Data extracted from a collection
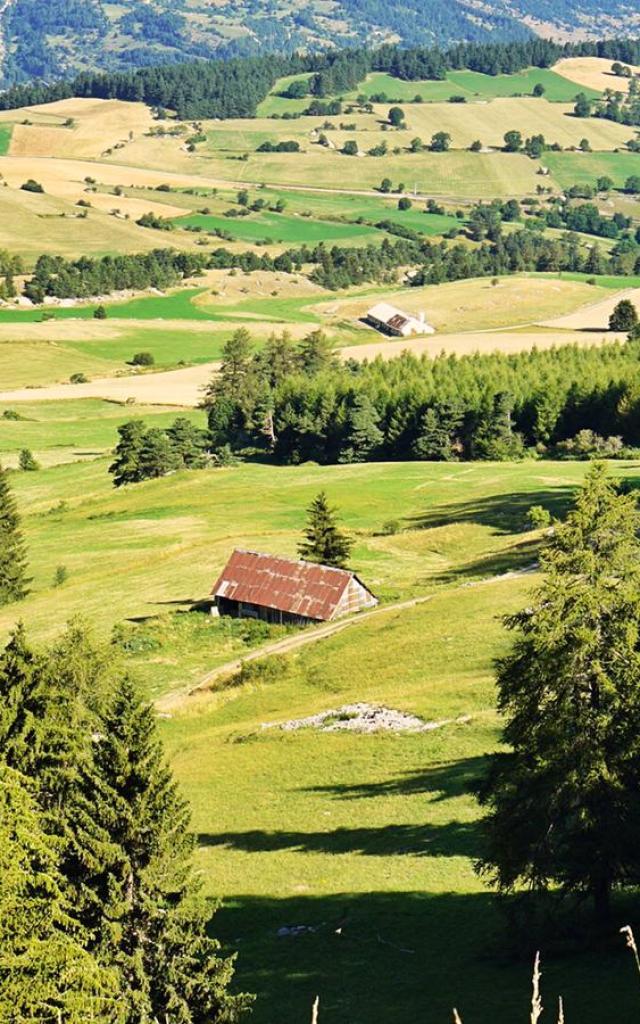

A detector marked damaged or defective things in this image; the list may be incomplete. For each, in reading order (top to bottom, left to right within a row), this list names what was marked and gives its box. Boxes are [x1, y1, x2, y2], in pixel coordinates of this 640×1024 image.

rusty metal roof [210, 548, 356, 618]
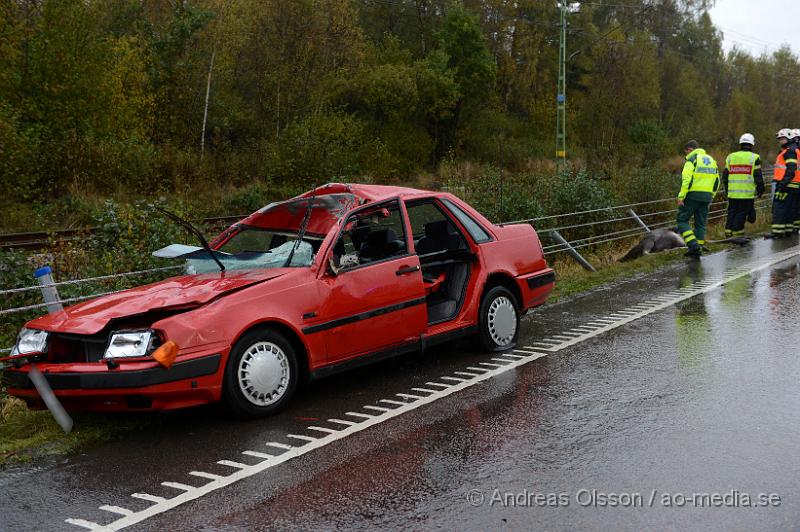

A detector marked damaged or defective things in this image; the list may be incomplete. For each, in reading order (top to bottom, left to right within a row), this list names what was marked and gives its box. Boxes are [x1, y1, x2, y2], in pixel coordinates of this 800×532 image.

shattered windshield [184, 230, 316, 274]
crumpled hood [28, 268, 290, 334]
crashed red car [4, 185, 556, 418]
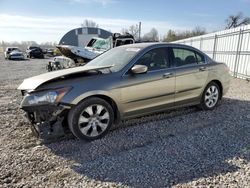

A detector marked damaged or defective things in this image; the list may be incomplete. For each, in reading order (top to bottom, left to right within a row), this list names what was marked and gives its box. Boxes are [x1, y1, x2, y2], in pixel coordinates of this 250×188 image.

crumpled hood [17, 65, 111, 90]
broken headlight [22, 86, 72, 106]
damaged honda accord [18, 42, 230, 140]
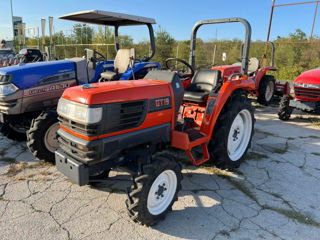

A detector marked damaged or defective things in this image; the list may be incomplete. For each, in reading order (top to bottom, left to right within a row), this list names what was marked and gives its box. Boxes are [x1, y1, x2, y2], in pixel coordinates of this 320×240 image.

cracked asphalt [0, 107, 320, 240]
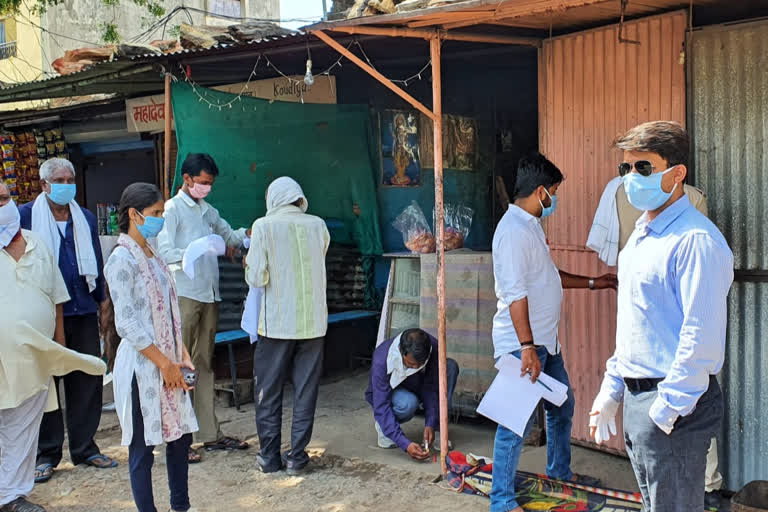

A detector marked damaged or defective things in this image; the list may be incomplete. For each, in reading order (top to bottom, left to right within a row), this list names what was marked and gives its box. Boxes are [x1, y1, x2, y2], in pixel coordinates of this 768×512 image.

rusty metal pole [428, 35, 448, 476]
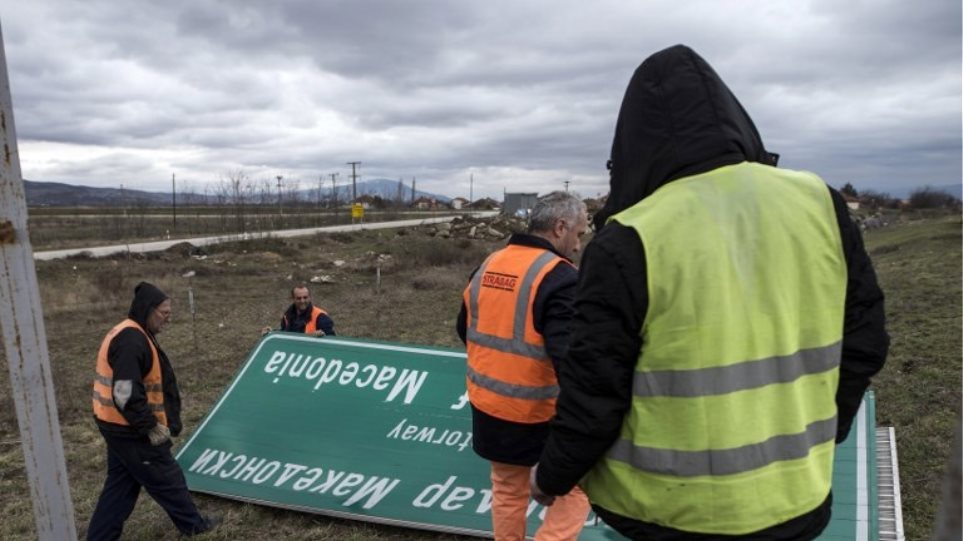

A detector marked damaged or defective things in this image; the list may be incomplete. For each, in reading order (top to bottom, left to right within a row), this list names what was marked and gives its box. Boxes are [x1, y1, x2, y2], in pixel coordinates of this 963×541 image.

rusty metal pole [0, 19, 77, 536]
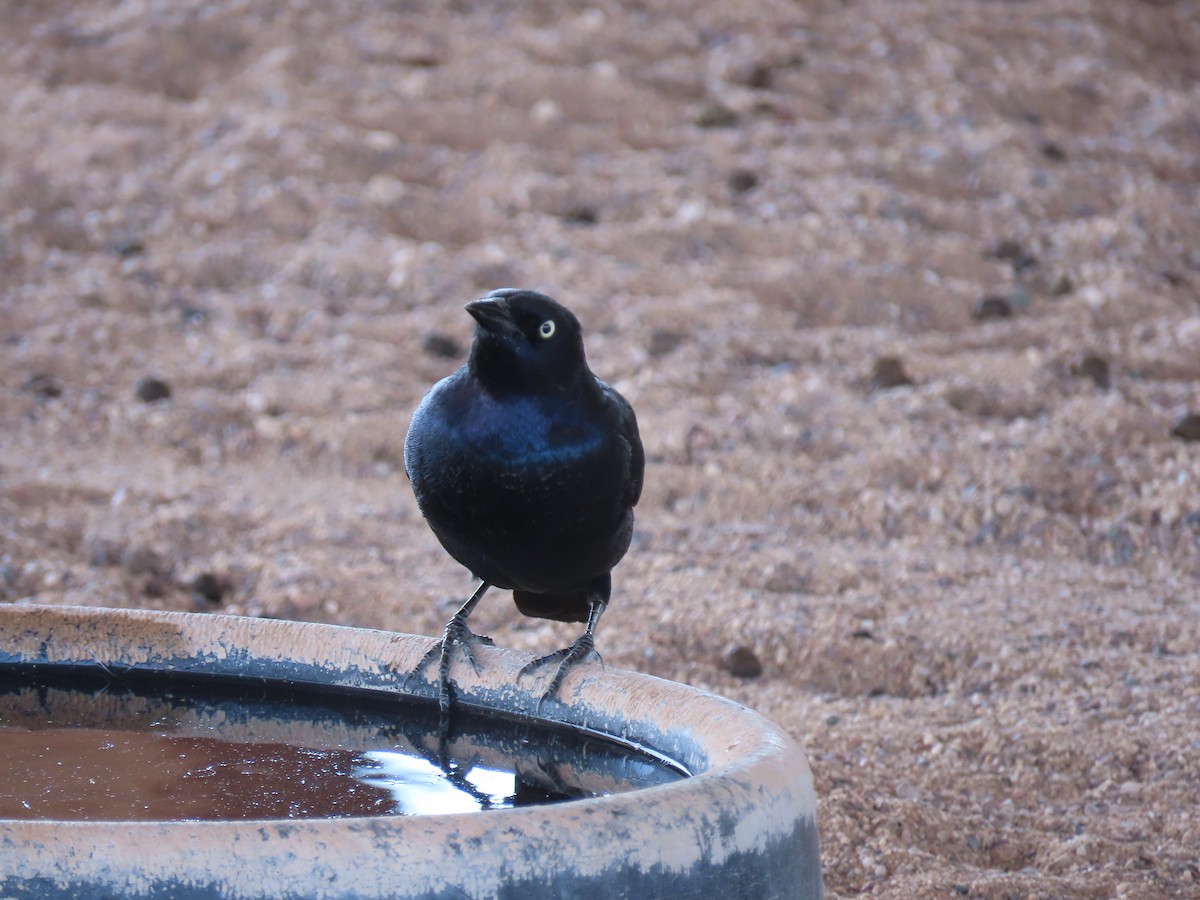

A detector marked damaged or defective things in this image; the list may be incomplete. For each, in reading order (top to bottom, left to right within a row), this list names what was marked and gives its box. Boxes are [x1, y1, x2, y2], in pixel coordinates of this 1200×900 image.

peeling paint on basin [0, 607, 825, 900]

(Problem statement): The last line of the entries marks the end, and the line with "this 963×541 image." marks the start. Output exactly those two lines and every line between them, nothing else, with the pictures left out.

(Your solution):
A detector marked damaged or defective things in this image; the list may be incomplete. For each, in reading order (top to bottom, left to right within a row), this list names what was marked and gives its box. Boxes are [x1, y1, x2, y2], in pixel coordinates of this 963×541 image.

rusty metal pole [0, 19, 77, 536]

A detector marked damaged or defective things in this image; the list may be incomplete. For each, in reading order (top to bottom, left to right within a row), this list names what was marked and gives its box. Boxes are [x1, y1, x2, y2], in pixel coordinates of this 1200×900 image.

peeling paint on basin [0, 607, 825, 900]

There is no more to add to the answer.